UltraViolet Cyber has acquired
Black Duck’s Application Security Testing (AST) services business, a move that broadens its security portfolio and strengthens its ability to serve enterprises and government agencies facing increasingly complex software risks.
Application security has become a critical challenge as organizations scale digital operations, adopt AI-generated code, and rely heavily on open-source components. Flaws introduced early in the development lifecycle often lead to costly remediation later. By bringing Black Duck’s AST services into its unified offensive and defensive operations model, UltraViolet is aiming to help clients identify and mitigate risks before code hits production.
Shifting the Competitive Landscape
With the integration of Black Duck’s AST business, UltraViolet (UV) Cyber is redefining its position in the market.
Ira Goldstein, CEO of UltraViolet Cyber told ChannelE2E, "UltraViolet Cyber becomes even more differentiated relative to other AppSec testing providers, due to its breadth of capabilities. AppSec Testing is all about working with developers and the business to build more resilient software. UV defends these environments as part of our defensive security services, ranging from Security Operations to Security Engineering and beyond. No other AppSec testing company, nor a standalone MSSP, has the breadth and depth of capabilities that UV now brings to its customers.”
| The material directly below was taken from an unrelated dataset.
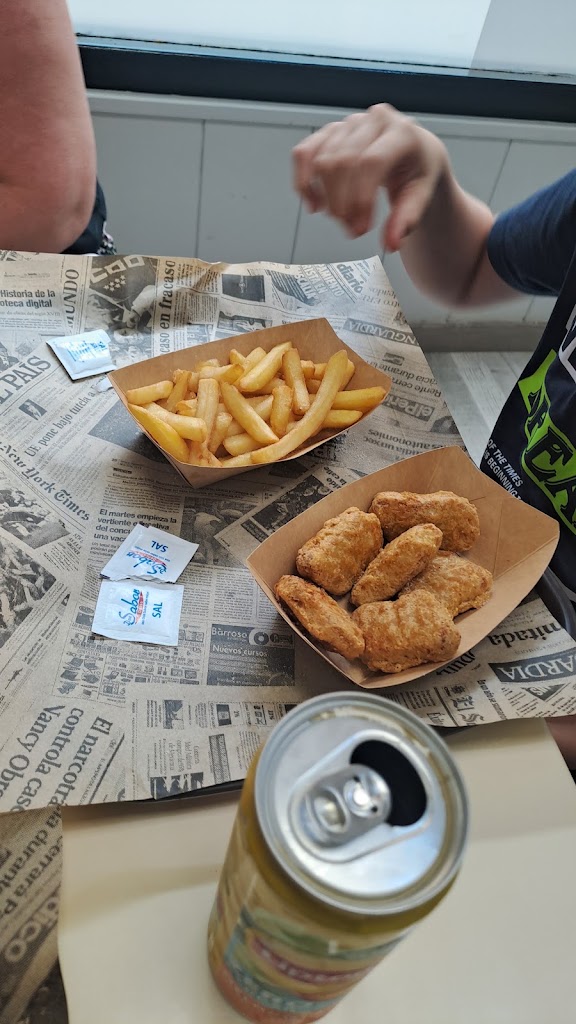 Sindibad — Papas fritas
This breadth matters because the integration doesn’t just expand UltraViolet’s testing capacity - it reinforces its unified model, bridging the gap between development and defense.
Filling Market Gaps
The acquisition also addresses frustrations that many organizations have with traditional service providers. Goldstein noted, “The biggest frustration that companies have with MSSPs is their lack of continuous validation. Similarly, there is frustration in the market when traditional pen testing firms repeatedly charge to test the same vulnerabilities, without improving the resilience of the infrastructure or applications they are testing. This acquisition addresses both gaps, enabling our SOC customers to benefit from more continuous validation of detections and defenses, and enabling our AST customers to benefit from remediation capabilities earlier in the SDLC.”
That integration translates to earlier detection of vulnerabilities, lower remediation costs, and stronger application resilience across both commercial and federal environments. For organizations experimenting with AI-generated code or building on open-source stacks, the timing of these capabilities is especially critical.
Reinforcing UltraViolet’s Role in Managed Security
The deal also strengthens UltraViolet’s identity as a provider that blends managed services with offensive capabilities.
As Goldstein put it, “UV is the pioneer of blending managed services and offensive security, and this acquisition supports our leadership in the space. Some MSSPs try to bolt-on pen testing services or continuous validation software, but no other provider offers the comprehensive suite of offensive and defensive security services as at UV. Our mantra to continuously assess and consistently defend resonates with our customer and the market, and we will continue to invest to support this strategy.”
The combination of continuous validation, remediation support, and integrated offensive and defensive services positions UltraViolet as a partner capable of meeting the evolving expectations of security leaders who need more than a transactional engagement.
UltraViolet’s latest investment reinforces its push to unify security operations and scale capabilities for both commercial and public sector organizations. By bringing Black Duck’s expertise into its offensive portfolio, UltraViolet is doubling down on its strategy to help clients mitigate software risks before they become production issues - while strengthening its role as a leader in AI-driven application security.